Wen Wen mendekati pintu sel, menjentikkan jarinya, dan tabir gelap yang menyelimuti sel itu tiba-tiba menghilang, memungkinkan Wen Wen dan orang-orang di Daerah Bencana untuk melihat dengan jelas apa yang ada di dalamnya.
Malaikat Cahaya Semesta masih tergantung pada rantai, tetapi sekarang ia tidak lagi mempertahankan kemegahannya yang dulu, bulu dan rambutnya kehilangan kilau, dan cahaya redupnya telah lenyap.

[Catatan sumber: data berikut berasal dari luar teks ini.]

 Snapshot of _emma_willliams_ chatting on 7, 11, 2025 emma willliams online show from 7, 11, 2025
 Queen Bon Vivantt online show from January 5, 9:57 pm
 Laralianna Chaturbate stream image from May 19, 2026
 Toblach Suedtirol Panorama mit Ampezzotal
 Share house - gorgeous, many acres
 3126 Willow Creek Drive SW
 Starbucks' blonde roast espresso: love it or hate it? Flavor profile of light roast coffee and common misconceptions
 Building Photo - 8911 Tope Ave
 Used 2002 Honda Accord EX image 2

Keputusasaan dan ketakutan terpancar di wajahnya, menunjukkan trauma besar yang dideritanya akibat pelecehan oleh iblis tingkat rendah.

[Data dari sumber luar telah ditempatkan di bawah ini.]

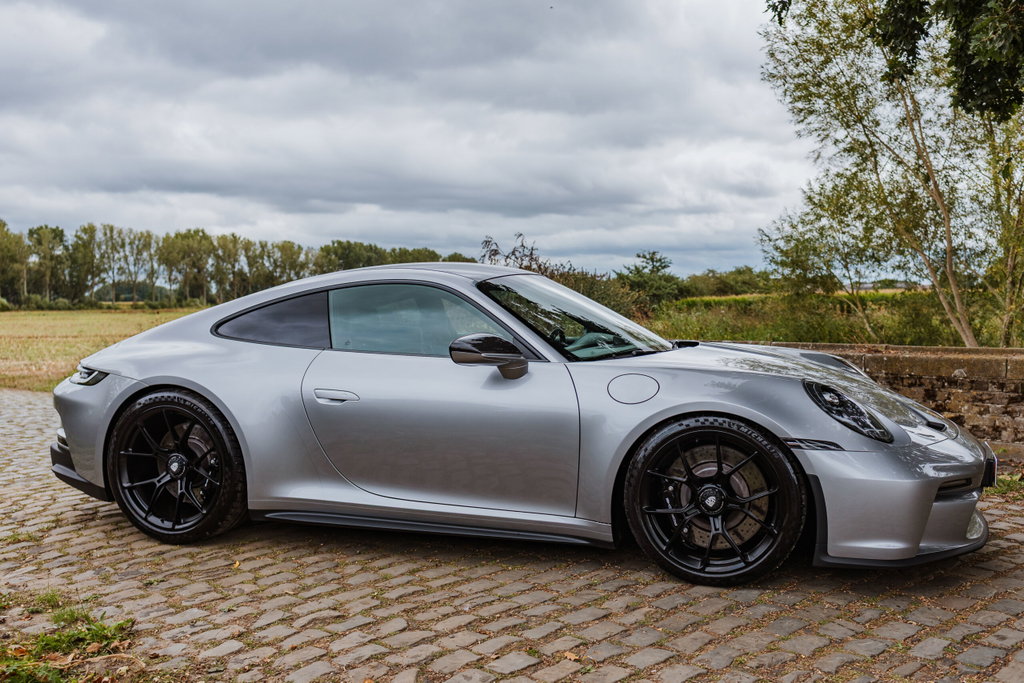 Porsche 992 GT3 Touring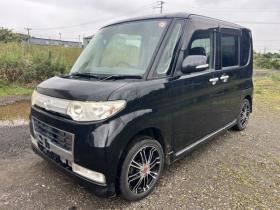 タント　カスタムX 4WD 660 5Dr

Saat melihat Wen Wen masuk, matanya langsung berbinar, karena ini berarti penderitaannya telah berakhir.
Wen Wen mengangguk puas; tampaknya menggunakan iblis untuk menghukum malaikat sangat efektif. Lagipula, makhluk ini pernah dilukai berkali-kali oleh Wen Wen menggunakan Buddha Gatling dan masih tidak menunjukkan sedikit pun rasa takut.
Di masa depan, jika ada iblis yang tidak taat, dia akan membiarkan Malaikat Cahaya Semesta ‘mendidik’ mereka.
Rodney berlutut setengah badan, menatap Wen Wen dengan tatapan menjilat, percaya bahwa ia telah melakukan yang terbaik untuk membuat Malaikat Cahaya Semesta tunduk, dan sekarang saatnya untuk mengambil hati Wen Wen.
Dalam seni bermanuver mengikuti arah angin dan menjilat orang-orang yang berkuasa, setiap iblis adalah pemain yang mahir.
“Sekarang, apakah kau bersedia menuruti perintahku?” Wen Wen mencengkeram rambut Malaikat Cahaya Semesta, memaksa kepalanya mendongak, dan berkata dengan mata menyipit.
Malaikat Cahaya Semesta, setelah terdiam cukup lama, berkata, “Jika kau mengizinkanku membunuh iblis itu, aku akan bersedia!”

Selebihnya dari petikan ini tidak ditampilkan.